Our finding that PHI has no significant beneficial influence on cancer care is somewhat disappointing, because previous studies have consistently shown that PHI increases the utilization and expenditure of healthcare in Korea. Those previous data are indicative of insurance effects or moral hazards, at least in outpatient settings [24, 27, 28]. However, our findings are not surprising when the mechanisms of PHI in Korea are examined more closely. Unlike PHI companies in the US, which provide primary coverage for most of the population and reimburse patients for incurred expenses, PHI companies in Korea do not have access to medical data, and cannot impose regulations on patient care (e.g., with regards to healthcare access, service coverage and quality of care). Thus, our results suggest that expanding PHI coverage will not improve the Korean health care system.

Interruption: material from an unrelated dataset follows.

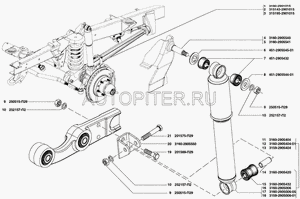 Втулка (кузов внутри) для UAZ Patriot 2003> 31602905432 Уаз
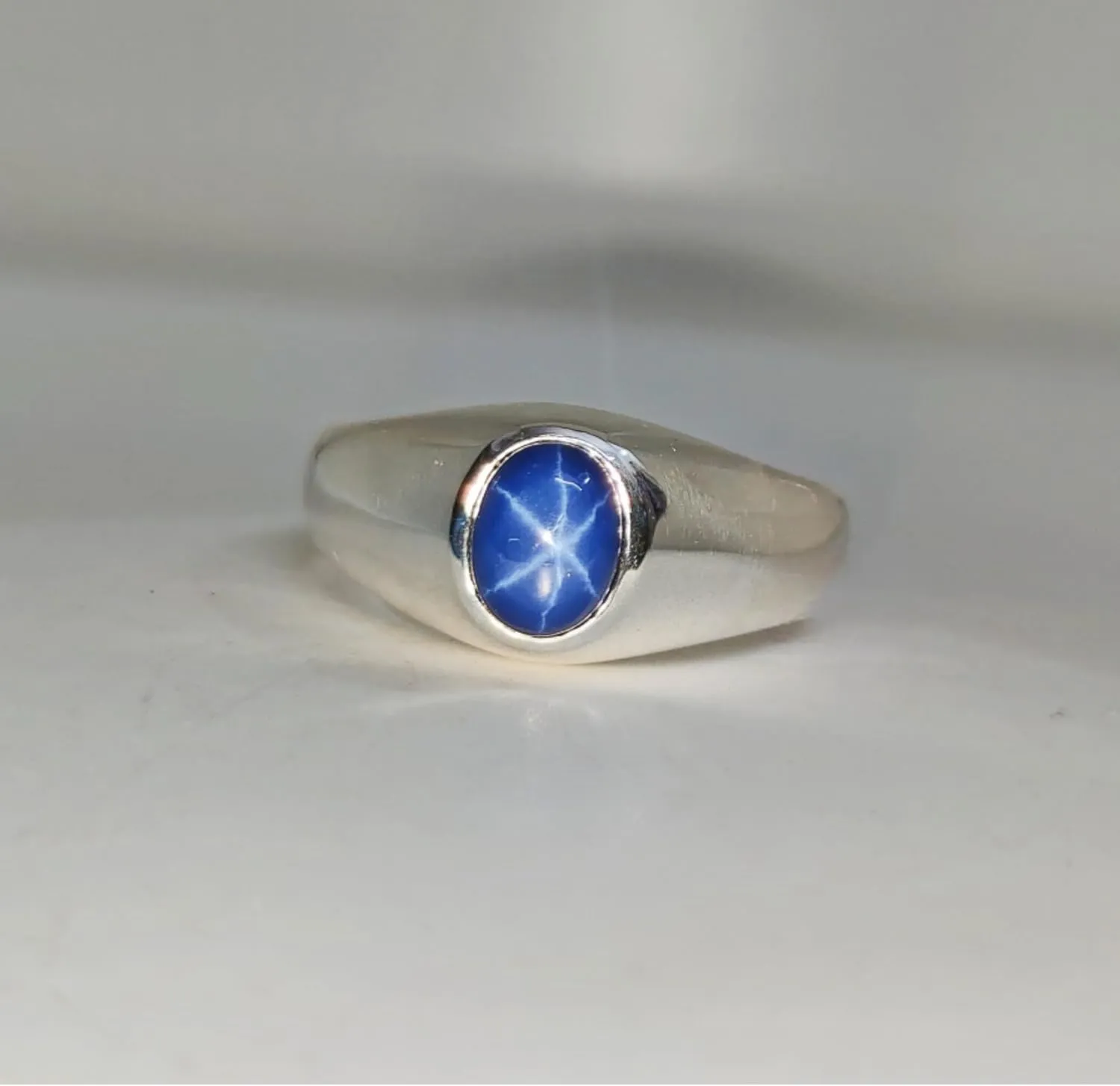 Blue Star Sapphire Men's 925 Sterling Silver Designer Rings - Classic Style with 8x6MM Oval 6 Rays Star Gemstone Accents - Birthstone Rings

Our study has several limitations. By conducting a retrospective, cross-sectional survey of disease-free survivors of stomach cancer, our results are subject to recall bias and we were unable to assess the patients' experiences during the actual treatment period. Also, patients with advanced disease or recurrence were not included in our analysis, which may have contributed to the relatively high satisfaction rate. Furthermore, a potential selection bias may have resulted from our low response rate (i.e., 52.8%). However, adjustment via the propensity weighting method  showed no significant differences from our original findings (data not shown), suggesting that the respondents adequately represented the entire eligible population. Last, as these data were obtained from a general cancer survivorship survey, we were unable to determine specific details regarding patients' PHI coverage, such as the type of plans and the amount of benefits. However, due to the unique characteristics of PHI in Korea, these data were not required for the interpretation of our results.
Our findings provide valuable lessons for developing countries aiming to achieve universal healthcare coverage in a short time. Policymakers might be easily tempted to promote supplementary PHI to relieve government burdens, assuming PHI will exert a beneficial effect on healthcare performance. However, our findings demonstrate that supplementary PHI neither serves as a safety net for vulnerable patients nor improves cancer care, except for maintaining the financial independence of beneficiaries. Cancer insurance worsened the financial stability of PHI companies, halting sales in 2006 , and development of diverse PHI plans has been underway since the Korean government allowed indemnity-type health insurance in 2005. Future studies are needed to determine how new private-public interactions might affect healthcare performance in Korea.
This work was supported by National Cancer Center Grants 04101502 and 0710731-3.